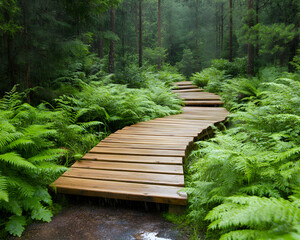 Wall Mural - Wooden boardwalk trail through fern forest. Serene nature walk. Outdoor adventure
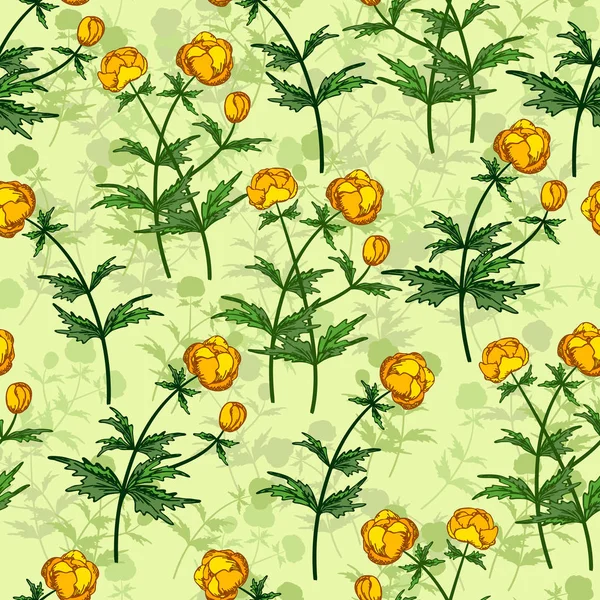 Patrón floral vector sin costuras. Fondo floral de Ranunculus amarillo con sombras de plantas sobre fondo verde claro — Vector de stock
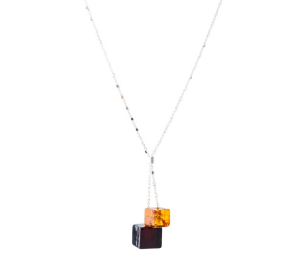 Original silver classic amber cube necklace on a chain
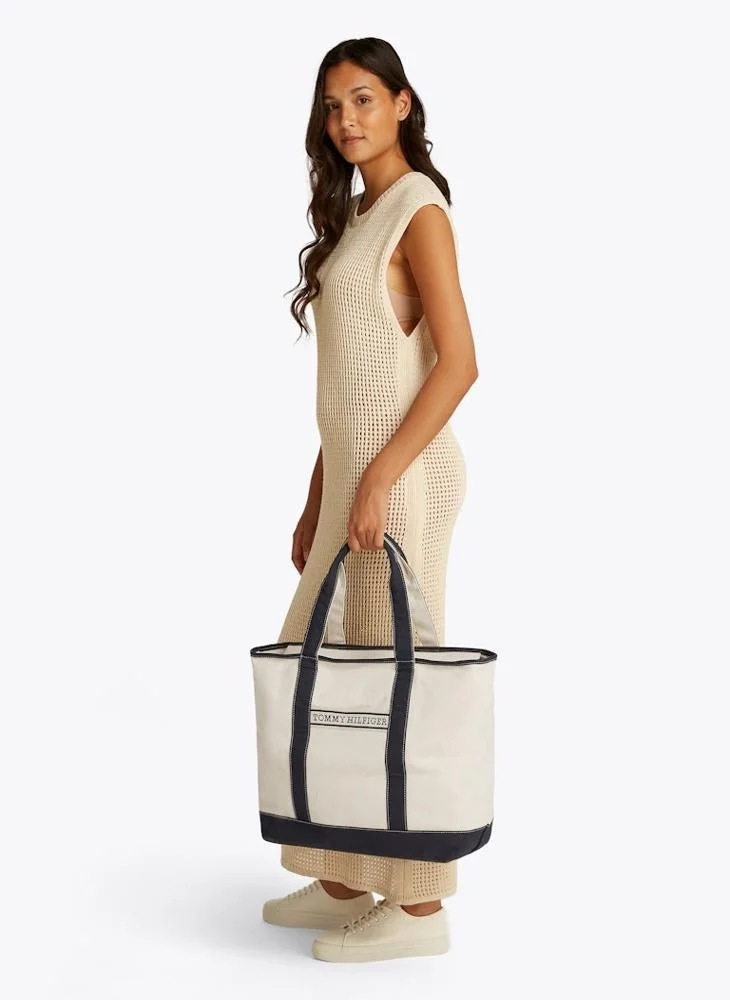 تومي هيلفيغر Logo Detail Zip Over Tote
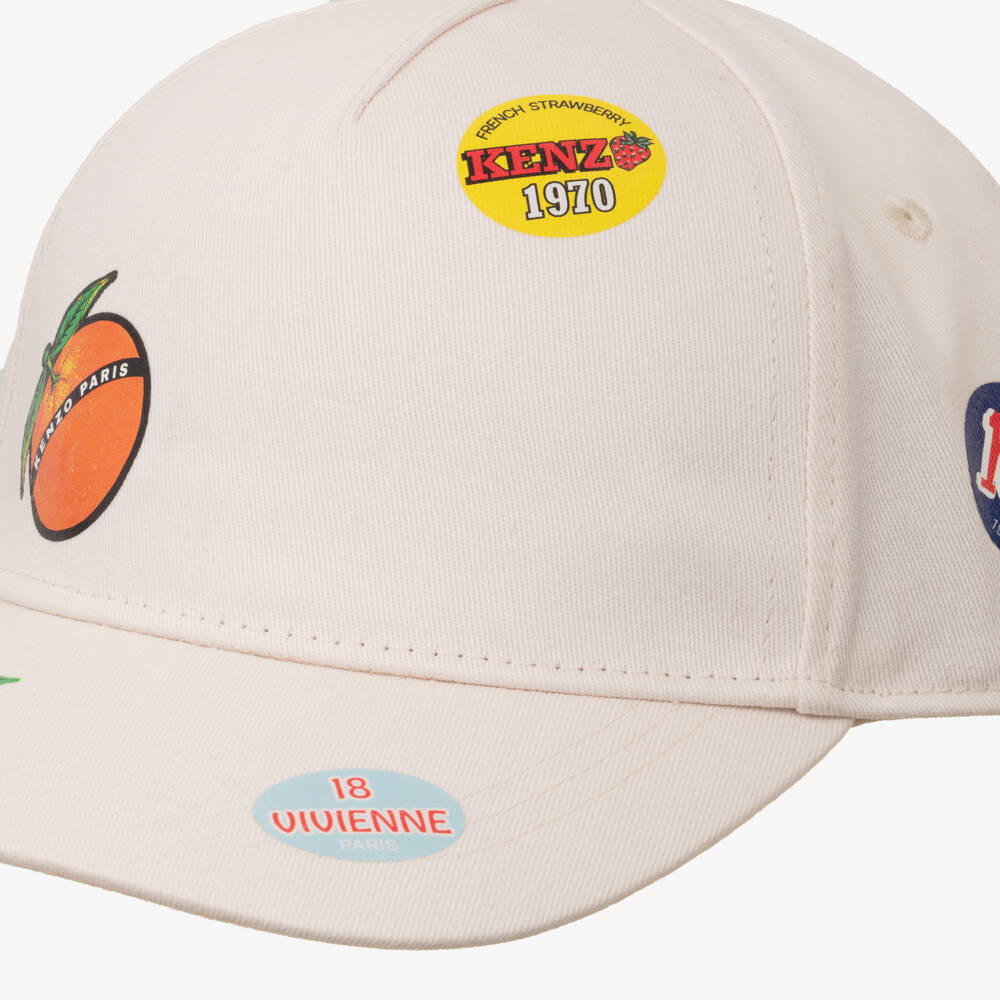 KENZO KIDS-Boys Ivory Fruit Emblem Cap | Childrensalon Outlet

□ □ □

What the exercise asks
Copy the records above exactly, from the first line through the line containing "Patrón floral vector", and leave out the pictures.

Written response
 Wall Mural - Wooden boardwalk trail through fern forest. Serene nature walk. Outdoor adventure
 Patrón floral vector sin costuras. Fondo floral de Ranunculus amarillo con sombras de plantas sobre fondo verde claro — Vector de stock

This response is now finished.